United States District Court, M.D. Florida, Jacksonville Division

February 6, 2018




         The protracted history of this capital habeas case is set forth in this Court's Orders (Docs. 42, 107, 141). The Court will recite only the history relevant to the Eleventh Circuit's limited remand regarding Petitioner's entitlement to equitable tolling.

         I. Status

         This case was opened on March 24, 2003, when Mary Catherine Bonner, Esquire, filed an urgent motion for pre-petition appointment on behalf of Petitioner. Doc. 1. Officially appointed by the Court on March 26, 2003, [1] Ms. Bonner did not file the habeas corpus Petition until almost exactly one year later on March 22, 2004. Docs. 4, 12. In the meantime, Petitioner's federal one-year limitations period had expired on June 18, 2003.

         Initially, the Court dismissed this case with prejudice after finding the Petition was untimely filed and Petitioner was not entitled to equitable tolling. Doc. 42. The Court subsequently vacated that Order. Doc. 62. After hearings, supplemental briefing, and an evidentiary hearing, on February 10, 2009, the Court concluded that Ms. Bonner's egregious attorney misconduct, that was not previously presented as a reason for equitable tolling, warranted application of that extraordinary remedy. Doc. 107. Subsequently, the Court denied the Petition on the merits in a 66-page Order. Doc. 141.

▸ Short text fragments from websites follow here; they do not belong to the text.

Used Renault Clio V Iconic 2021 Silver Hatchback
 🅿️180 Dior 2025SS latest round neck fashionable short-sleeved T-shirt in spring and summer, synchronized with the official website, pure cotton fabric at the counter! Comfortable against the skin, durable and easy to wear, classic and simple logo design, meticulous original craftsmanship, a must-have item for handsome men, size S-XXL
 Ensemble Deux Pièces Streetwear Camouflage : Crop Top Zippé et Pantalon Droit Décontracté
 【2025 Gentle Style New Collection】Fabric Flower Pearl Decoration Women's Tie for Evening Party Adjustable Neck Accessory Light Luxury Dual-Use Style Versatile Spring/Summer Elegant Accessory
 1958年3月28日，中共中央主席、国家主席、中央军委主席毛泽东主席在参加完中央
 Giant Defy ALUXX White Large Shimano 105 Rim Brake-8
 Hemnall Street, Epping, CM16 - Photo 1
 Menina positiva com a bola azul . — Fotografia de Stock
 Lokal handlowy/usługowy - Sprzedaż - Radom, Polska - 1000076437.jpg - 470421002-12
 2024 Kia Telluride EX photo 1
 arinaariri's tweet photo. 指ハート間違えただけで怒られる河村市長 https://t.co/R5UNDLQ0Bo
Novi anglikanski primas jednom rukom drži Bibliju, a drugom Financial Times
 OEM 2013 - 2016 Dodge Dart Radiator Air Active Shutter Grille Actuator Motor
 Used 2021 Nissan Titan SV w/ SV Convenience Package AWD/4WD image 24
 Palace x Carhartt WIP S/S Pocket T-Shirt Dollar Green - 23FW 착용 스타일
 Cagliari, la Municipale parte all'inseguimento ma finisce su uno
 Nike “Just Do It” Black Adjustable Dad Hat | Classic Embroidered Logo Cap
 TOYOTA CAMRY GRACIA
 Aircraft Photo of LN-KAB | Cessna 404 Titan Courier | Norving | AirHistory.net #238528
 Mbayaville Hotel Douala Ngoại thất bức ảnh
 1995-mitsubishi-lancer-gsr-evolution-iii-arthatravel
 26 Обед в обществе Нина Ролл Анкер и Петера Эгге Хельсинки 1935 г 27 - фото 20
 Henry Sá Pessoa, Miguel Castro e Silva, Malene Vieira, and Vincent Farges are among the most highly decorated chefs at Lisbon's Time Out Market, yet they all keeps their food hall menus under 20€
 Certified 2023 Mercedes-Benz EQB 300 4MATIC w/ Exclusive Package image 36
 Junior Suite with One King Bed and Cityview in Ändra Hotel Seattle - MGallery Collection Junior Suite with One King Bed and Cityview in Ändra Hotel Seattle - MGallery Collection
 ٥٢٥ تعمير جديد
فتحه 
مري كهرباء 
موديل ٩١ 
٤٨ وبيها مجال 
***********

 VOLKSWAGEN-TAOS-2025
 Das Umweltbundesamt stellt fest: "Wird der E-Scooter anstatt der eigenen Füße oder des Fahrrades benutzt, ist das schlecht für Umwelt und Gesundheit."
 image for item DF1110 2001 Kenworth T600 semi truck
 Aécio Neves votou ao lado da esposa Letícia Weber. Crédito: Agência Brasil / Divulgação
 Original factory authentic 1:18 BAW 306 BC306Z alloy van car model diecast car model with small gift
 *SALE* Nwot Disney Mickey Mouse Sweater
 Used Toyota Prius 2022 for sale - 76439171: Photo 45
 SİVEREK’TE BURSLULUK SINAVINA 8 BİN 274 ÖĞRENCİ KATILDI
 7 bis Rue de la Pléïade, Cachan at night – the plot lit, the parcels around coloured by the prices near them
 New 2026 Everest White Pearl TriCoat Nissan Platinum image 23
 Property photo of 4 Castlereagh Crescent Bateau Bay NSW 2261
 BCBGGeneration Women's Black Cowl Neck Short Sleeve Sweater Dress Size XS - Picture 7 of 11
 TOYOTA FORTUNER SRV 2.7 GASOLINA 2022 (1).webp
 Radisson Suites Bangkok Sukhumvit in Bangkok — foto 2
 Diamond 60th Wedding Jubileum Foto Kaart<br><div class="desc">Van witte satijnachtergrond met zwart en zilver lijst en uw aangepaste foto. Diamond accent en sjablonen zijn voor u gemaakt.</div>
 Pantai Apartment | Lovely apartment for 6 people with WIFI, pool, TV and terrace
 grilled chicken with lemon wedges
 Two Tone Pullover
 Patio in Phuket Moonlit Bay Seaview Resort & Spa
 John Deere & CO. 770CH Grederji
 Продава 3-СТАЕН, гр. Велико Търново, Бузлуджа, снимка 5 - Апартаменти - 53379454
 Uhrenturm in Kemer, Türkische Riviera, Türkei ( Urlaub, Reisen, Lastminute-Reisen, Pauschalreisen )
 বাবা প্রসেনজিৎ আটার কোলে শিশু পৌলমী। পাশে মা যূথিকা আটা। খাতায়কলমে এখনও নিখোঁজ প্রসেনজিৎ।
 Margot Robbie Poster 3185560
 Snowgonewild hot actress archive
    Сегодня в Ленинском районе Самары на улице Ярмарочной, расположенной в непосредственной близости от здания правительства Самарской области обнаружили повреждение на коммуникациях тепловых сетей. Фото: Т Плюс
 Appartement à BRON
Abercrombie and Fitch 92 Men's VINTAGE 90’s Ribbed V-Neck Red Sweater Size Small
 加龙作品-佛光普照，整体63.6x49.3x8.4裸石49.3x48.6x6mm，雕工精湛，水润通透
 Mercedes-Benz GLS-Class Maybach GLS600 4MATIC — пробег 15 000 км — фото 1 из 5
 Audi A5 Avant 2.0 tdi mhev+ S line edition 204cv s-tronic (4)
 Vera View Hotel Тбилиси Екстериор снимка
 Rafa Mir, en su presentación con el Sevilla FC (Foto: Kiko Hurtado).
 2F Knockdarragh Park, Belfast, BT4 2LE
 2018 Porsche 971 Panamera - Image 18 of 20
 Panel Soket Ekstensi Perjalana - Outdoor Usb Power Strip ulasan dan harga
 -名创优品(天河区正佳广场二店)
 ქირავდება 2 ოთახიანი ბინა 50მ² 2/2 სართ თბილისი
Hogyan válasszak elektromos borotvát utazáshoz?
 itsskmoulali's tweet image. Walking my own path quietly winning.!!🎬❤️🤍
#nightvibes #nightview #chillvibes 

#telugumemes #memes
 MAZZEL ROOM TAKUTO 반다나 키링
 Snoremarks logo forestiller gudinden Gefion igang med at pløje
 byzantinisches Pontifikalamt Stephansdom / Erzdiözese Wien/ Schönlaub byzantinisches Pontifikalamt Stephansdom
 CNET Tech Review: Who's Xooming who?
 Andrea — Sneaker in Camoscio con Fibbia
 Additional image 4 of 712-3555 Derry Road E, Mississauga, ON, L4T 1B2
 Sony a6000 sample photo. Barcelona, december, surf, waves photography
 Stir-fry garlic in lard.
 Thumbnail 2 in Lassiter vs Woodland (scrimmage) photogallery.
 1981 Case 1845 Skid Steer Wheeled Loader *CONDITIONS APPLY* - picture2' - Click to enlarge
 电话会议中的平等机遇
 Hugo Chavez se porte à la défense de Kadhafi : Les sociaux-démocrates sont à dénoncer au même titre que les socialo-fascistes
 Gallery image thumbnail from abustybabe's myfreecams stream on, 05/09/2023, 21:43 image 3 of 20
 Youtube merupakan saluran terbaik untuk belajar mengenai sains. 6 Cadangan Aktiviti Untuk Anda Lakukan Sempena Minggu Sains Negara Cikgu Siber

         The parties filed cross-appeals. Docs. 145, 149. The Eleventh Circuit remanded the case to this Court “to make additional and detailed findings of fact concerning Thomas's claim to equitable tolling, including exactly what may have happened and, most importantly, why counsel did not timely file this § 2254 petition.” Thomas v. Attorney Gen., 795 F.3d 1286, 1287 (11th Cir. 2015). The Eleventh Circuit also instructed this Court “to apply these findings of fact to the changing landscape in the law of equitable tolling, found in the Supreme Court and [the Eleventh Circuit's] recent cases.” Id. (citing Holland v. Florida, 560 U.S. 631 (2010); Maples v. Thomas, 565 U.S. 266 (2012); Cadet v. Fla. Dep't of Corr., 742 F.3d 473 (11th Cir. 2014), vacated, Cadet v. Fla. Dep't of Corr., 853 F.3d 1216 (11th Cir. 2017), petition for cert. filed, (U.S. July 25, 2017) (No. 17-6146)).[2] The Eleventh Circuit summarized its remand instructions:

[T]he district court must provide a more thorough account of the facts of this case, including those which shed light on Bonner's decisionmaking, her understanding of the AEDPA[3] filing deadlines, her mental health, and any actions Thomas may have taken to ensure the timeliness of his petition. After laying out the basic facts of this case in greater detail-most particularly, why Bonner failed to file the petition in a timely manner-the district court must consider whether those facts support Thomas's claim to equitable tolling in light of the changing landscape of this law. Specifically, the district court must tell us whether the facts in this case show that Bonner effectively abandoned Thomas by her conduct, as the concept of abandonment is explicated in Holland II, Maples, and Cadet, or whether Bonner's conduct otherwise amounted to serious misconduct that constitutes an extraordinary circumstance.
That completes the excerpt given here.